TOWN OF MANLIUS — At its Jan. 21 meeting at Manlius Town Hall, the Town of Manlius Watershed Stewards welcomed Cazenovia Town Supervisor Kyle Reger to present about watershed data collection and protection strategies.
Reger started by bringing up the Cazenovia Lake Watershed Council (CLWC) comprising two Village of Cazenovia trustees, two members of the Cazenovia Town Board and two people from the Cazenovia Lake Association.
With that, Cazenovia has what Reger called a well-developed watershed protection plan with “copious participation” from people within the community willing to step up and lend their help or expertise regardless of the particular project at hand.
That has included representatives from the Cazenovia Central School District, Cazenovia College before it closed, other higher education institutions like SUNY Morrisville and the SUNY College of Environmental Science and Forestry, and the Cazenovia Area Community Development Association, which is a cross section of different organizations in the general area, including ones from the town of Nelson, Reger said.
Adding that he’s grateful for the work the Town of Manlius Watershed Stewards group has done and for the ability to come together with neighboring municipalities facing similar issues for the common cause of protecting natural features, Reger said it’s fundamental to the success of any endeavor to have communication among multiple organizations and to expand engagement with the greater public to get as much feedback as possible.
Reger said work over the years has included examining the details of Cazenovia Lake for future reference, working with the entire lake association to ward away invasive species, and monitoring stormwater runoff and significant sediment movement.
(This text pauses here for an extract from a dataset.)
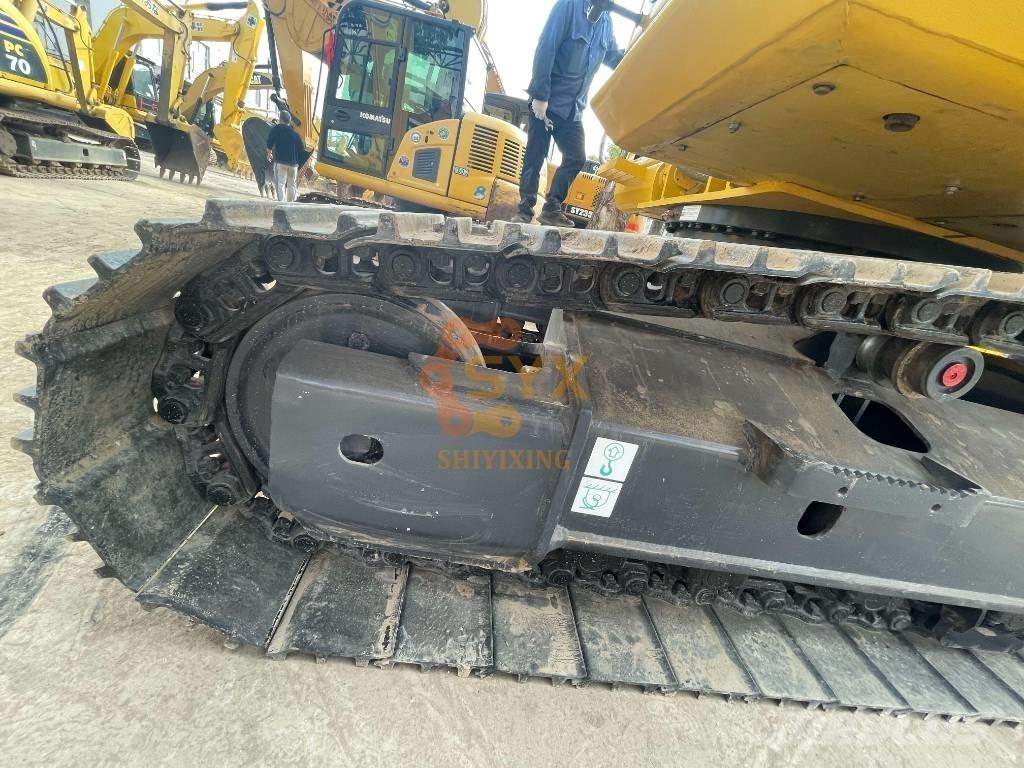 Komatsu PC 200-8 Excavatoare pe șenile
“When we get these major rain events, all of a sudden there can be this huge backwash where instead of the water running out, it’s coming back in,” Reger said. “It puts all this phosphorus and different elements back in the lake and starts changing the chemistry of the lake.”
Bob Ridler, the chairman of the Town of Cazenovia Planning Board, spoke at last week’s meeting at the Brooklea Drive town hall as well.
Ridler said the town monitors sections around the Chittenango Creek tributary and everywhere else to make sure chemicals from septic systems and lawn treatments are controlled.
He said development going in around the lake has to abide by guidelines related to non-disturbance of the lake, such as allowances to build within certain distances of the lakeshore.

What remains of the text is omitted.